Starting at the top line and ending at the last, restate the records exactly.

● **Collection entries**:
====

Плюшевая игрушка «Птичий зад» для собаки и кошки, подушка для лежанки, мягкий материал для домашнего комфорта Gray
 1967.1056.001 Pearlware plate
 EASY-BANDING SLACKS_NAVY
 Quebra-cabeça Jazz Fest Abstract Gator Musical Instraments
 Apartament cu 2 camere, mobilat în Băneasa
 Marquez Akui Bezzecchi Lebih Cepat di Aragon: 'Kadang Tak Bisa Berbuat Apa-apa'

====

● **Written response**:
Плюшевая игрушка «Птичий зад» для собаки и кошки, подушка для лежанки, мягкий материал для домашнего комфорта Gray
 1967.1056.001 Pearlware plate
 EASY-BANDING SLACKS_NAVY
 Quebra-cabeça Jazz Fest Abstract Gator Musical Instraments
 Apartament cu 2 camere, mobilat în Băneasa
 Marquez Akui Bezzecchi Lebih Cepat di Aragon: 'Kadang Tak Bisa Berbuat Apa-apa'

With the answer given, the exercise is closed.